** ACTIVITY **
Only lines holding "show" are needed; copy each of them from the data below.

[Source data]
───

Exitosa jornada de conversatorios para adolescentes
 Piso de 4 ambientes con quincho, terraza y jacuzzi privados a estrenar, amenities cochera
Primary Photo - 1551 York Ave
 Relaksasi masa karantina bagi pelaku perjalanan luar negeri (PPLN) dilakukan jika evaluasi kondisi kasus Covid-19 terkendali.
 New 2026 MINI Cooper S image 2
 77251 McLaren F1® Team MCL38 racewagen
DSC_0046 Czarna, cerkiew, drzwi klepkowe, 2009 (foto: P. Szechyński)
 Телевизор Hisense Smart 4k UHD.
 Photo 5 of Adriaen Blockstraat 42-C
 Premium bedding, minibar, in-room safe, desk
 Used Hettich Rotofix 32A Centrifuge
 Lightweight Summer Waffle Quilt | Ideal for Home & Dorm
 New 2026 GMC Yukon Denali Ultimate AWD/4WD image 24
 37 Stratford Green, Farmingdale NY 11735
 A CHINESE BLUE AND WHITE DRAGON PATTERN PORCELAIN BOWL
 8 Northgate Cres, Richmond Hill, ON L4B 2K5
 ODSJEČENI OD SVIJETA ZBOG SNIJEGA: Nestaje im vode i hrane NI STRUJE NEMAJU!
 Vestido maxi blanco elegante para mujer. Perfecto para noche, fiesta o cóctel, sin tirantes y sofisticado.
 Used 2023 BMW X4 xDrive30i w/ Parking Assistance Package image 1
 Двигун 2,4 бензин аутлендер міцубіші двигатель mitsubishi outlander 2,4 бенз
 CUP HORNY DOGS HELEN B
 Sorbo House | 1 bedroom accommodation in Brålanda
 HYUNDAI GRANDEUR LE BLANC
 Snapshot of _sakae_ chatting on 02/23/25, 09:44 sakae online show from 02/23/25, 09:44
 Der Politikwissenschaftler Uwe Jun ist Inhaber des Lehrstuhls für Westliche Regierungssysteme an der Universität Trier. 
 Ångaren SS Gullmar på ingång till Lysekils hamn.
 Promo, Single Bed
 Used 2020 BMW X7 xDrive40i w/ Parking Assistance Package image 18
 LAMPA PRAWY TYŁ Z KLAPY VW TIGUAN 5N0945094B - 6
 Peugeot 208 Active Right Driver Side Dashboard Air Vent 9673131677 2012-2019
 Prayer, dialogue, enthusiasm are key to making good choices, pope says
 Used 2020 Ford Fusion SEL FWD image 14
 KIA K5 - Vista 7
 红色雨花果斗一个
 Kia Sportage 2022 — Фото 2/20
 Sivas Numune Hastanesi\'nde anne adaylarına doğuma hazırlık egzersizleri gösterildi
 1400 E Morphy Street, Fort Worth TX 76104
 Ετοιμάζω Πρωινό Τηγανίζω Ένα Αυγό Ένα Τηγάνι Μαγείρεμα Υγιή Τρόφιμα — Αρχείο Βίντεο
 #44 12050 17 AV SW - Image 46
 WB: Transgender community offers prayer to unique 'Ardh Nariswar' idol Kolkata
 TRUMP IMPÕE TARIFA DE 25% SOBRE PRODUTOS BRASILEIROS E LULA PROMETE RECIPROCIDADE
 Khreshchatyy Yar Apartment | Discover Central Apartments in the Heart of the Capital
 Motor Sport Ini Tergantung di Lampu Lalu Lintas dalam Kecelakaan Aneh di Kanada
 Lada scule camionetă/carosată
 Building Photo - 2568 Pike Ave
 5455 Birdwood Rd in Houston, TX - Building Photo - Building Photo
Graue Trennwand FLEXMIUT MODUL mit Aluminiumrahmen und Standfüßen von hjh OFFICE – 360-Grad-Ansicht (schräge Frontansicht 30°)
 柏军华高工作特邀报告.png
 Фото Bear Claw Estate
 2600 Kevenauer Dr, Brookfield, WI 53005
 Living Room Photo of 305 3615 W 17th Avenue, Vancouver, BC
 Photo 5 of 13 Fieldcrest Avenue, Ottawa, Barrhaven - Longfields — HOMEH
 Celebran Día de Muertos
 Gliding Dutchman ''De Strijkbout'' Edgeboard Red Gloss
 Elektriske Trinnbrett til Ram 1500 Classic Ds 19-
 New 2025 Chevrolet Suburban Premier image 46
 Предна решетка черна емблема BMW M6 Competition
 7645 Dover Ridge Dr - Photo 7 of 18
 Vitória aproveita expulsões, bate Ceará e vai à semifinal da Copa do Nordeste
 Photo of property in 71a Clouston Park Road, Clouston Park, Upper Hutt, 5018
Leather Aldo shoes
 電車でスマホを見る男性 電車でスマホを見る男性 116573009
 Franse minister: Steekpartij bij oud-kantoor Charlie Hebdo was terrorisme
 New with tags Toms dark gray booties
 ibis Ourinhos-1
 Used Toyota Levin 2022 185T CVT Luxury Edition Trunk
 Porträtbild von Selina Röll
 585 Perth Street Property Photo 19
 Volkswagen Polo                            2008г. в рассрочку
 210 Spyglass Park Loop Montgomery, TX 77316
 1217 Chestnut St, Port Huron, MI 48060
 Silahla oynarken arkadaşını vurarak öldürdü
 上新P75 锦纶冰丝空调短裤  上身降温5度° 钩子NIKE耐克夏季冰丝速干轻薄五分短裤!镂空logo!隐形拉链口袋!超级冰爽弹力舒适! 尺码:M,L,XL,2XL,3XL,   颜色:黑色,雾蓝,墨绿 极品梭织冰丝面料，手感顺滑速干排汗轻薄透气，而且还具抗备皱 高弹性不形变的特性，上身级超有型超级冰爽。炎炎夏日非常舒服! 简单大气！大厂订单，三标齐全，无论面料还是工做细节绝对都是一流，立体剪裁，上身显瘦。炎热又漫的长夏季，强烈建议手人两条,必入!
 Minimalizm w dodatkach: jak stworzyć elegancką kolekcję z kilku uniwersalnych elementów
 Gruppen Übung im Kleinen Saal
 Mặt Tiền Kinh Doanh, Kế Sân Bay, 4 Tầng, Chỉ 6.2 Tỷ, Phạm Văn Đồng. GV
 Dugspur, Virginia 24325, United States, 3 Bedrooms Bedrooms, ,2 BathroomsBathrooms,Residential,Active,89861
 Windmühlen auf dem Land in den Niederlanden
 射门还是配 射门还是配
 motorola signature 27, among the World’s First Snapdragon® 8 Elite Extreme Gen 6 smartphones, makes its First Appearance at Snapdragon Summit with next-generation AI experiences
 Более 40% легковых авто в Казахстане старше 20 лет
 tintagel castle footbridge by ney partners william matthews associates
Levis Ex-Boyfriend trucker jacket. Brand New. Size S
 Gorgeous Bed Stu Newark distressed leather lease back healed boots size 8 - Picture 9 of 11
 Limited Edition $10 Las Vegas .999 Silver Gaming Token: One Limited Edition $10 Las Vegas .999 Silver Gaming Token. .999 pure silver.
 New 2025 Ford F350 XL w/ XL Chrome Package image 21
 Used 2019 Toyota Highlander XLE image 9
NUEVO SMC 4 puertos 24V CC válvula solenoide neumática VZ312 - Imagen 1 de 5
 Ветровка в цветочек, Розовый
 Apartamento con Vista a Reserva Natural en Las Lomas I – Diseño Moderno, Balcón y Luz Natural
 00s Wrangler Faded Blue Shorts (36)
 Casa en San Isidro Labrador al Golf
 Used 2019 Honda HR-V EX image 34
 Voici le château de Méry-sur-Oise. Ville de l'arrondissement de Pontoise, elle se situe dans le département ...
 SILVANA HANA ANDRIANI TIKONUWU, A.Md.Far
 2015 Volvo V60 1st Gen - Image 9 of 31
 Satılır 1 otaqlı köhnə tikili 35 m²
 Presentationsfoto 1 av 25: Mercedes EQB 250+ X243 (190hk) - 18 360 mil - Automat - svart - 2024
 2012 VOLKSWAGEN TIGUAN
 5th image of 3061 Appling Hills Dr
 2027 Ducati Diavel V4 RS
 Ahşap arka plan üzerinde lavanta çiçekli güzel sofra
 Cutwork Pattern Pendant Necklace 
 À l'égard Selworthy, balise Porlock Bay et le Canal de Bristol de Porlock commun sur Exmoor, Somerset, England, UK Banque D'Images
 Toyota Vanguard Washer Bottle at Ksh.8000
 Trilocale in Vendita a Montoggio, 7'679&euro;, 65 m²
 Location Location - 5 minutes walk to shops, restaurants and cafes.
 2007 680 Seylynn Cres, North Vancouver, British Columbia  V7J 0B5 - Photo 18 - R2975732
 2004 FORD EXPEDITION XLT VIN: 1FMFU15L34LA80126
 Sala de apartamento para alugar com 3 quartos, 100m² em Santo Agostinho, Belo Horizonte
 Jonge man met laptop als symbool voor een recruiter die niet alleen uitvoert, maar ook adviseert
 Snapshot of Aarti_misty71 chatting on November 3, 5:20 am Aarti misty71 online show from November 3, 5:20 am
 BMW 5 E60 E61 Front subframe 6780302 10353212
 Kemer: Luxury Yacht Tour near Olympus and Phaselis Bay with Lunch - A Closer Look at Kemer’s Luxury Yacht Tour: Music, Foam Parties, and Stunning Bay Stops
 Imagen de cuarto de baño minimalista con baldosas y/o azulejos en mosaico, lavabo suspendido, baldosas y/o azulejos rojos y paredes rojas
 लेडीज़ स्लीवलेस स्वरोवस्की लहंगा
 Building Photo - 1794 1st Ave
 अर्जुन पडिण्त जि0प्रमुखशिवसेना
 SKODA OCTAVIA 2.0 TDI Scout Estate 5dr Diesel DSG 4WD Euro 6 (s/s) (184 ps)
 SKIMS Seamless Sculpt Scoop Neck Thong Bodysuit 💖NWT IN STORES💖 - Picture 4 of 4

───

** ANSWER FOR THIS EXERCISE **
 Snapshot of _sakae_ chatting on 02/23/25, 09:44 sakae online show from 02/23/25, 09:44
 Snapshot of Aarti_misty71 chatting on November 3, 5:20 am Aarti misty71 online show from November 3, 5:20 am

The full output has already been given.